NST: The country's poverty rate will increase from 3.7 per cent to 24.3 per cent if the poverty line is raised from the current RM800 to RM1,500 per household.
Minister in the Prime Minister's Department Tan Sri Amirsham A. Aziz said the definition of the poverty line was a household income sufficient for basic necessities. It does not include luxury items. The basics are food, clothes and other expenses like rental, utilities, transport and communication, health, education and recreation.

On such an optimistic note, let's all have a look at the number of millionaire households globally. The definition of a millionaire household is homes with more than US$1m in net assets.

The absolute figures, number of millionaire households:

1) USA 4,585,000

2) Japan 830,000
3) UK 610,000
4) Germany 350,000

5) China 310,000
6) Italy 270,000

7) France 265,000
8) Taiwan 220,000
9) Switzerland 205,000
10) Brazil 190,000
11) Netherlands 145,000
12) Belgium 135,000
13) Australia 135,000
14) Spain 125,000
15) Canada 110,000

Naturally the absolute figures would be skewed favouring those with large population. Although, Australia, Belgium and Netherlands are notable exceptions.

A more revealing figure would be as a percentage of all households in that country:

1) UAE 6.1%
2) Switzerland 6.1%
3) Qatar 5.2%
4) Kuwait 4.8%
5) USA 4.1%

6) Singapore 3.8%
7) Taiwan 3.0%
8) Belgium 3.0%

9) Israel 2.7%
10) UK 2.4%
11) Ireland 2.4%
12) Bahrain 2.2%
13) HK 2.1%
14) Saudi Arabia 2.0%
15) Netherlands 2.0%

We can understand those OPEC nations with their millionaires. USA, UK and Singapore are up there mainly because of the strong property markets over the last 10 years (even taking into account the property correction in the US over the last year and a half). If there are more foreclosures and a further 25% correction in property prices in the US and UK, coupled with another 10% weakness in USD, well you can see USA and UK slipping quickly down the rankings. Switzerland is there with its banking facilities, or rather the millionaires move there. Ireland is a real success story, from the pits the country have risen through smart investment incentives.


It will always be pretty hard for normal public working in Malaysia, Thailand, the Philippines or Indonesia to hold net assets of more than US$1m. The average salaries would put all these countries on a backfoot. We tend to subsidise a lot of necessities and in particular fuel and diesel. The subsidies and a deliberate weak currency policy helps to ensure competitiveness. However, if these countries do not reinvest properly into education and high value add industries, we will forever have to contend with sluggish salaries. In a way, that translates into the property values.

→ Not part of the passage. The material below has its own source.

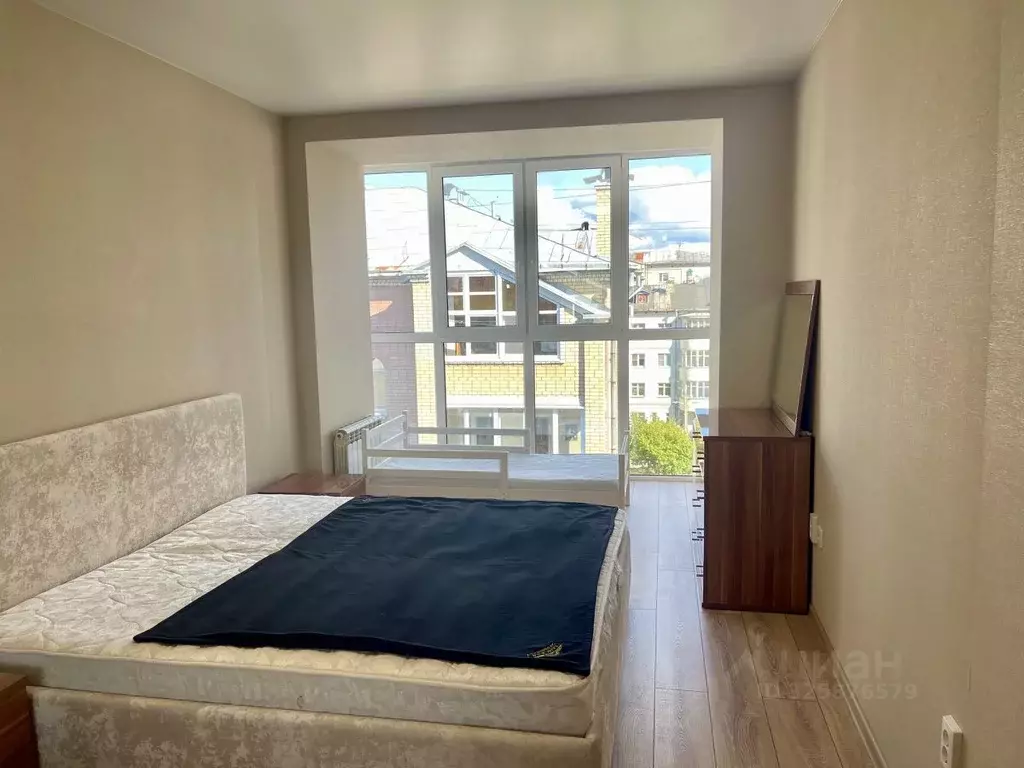 3-к кв. Ярославская область, Ярославль Нагорная ул., 7к2 (105.0 м) - Фото 2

While I am loathed to put Singapore in a shining light, they have reinvested very well. In 5 years time, if you have finished paying off your HDB flats, you can retire as an easy RM millionaire in Malaysia. If you have an executive HDB flat and paid that off, well, you should be very very close to being a USD millionaire - we are not even talking private property here. These are government housing.

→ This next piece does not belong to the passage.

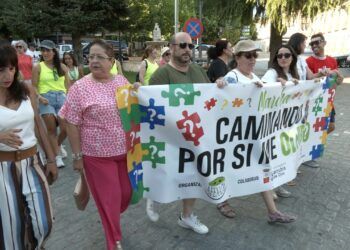 X Marcha “Caminando por si me olvido”, a favor de AFENADE de Villarrubia de los Ojos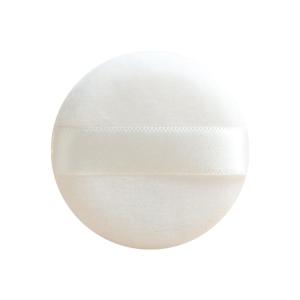 กระปุกแป้งฝุ่นพร้อมพัฟ กล่องเปล่าแบบเติมได้ ฝาปิดแบบมีตะแกรงกรอง ภาชนะบรรจุภัณฑ์เครื่องสำอางพลาสติก อุปกรณ์แต่งหน้า 5 กรัม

For Malaysian graduates, work hard for the first few years then plan your career well. You may want to move to "internationally competitive" arenas, prove yourself and really earn good money, or get reposted back to Malaysia. You stay local, you will be paid local. Unless you try and establish your own business, which is no guarantee. Or pick industries which pay industry competitive rates - technology, investment banking, oil & gas, advertising, private banking, etc.


p/s photo: Sarunat Visutthitlada Lider

Comments

ONI said…
We'll be fooling ourselves if we think that we can reach Developed State in 12 years time.

While others raced to move ahead we were busy running around in circle. :)
HollyS said…
The main reason we have so many able and qualified professionals living this country to search for better opportunity else where especially in Spore and the Middle East is because of the remuneration ratio differential. For a senior manager position, say in a ICT industry, the total package is between RM 150k to RM 200k here. But if you cross the bridge down south, the total package is about S$200k. That is 480k in Ringgit. And even better if you go to Middle East, the pay RM 500k tax free. Even after you have deduct all the expenses, you are still better off staying and working in those countries. I'm not suprise at all to see the top percentage households millionaires are in the middle east countries or Spore.
Aus2070 said…
The number of Aussie millionaire are more.

According to a survey by Merrill Lynch and Capgemini, in 2007, the number of Australians with financial assets of at least $US1 million ($A1.05 million), excluding their home, rose 7.1 per cent to 172,000.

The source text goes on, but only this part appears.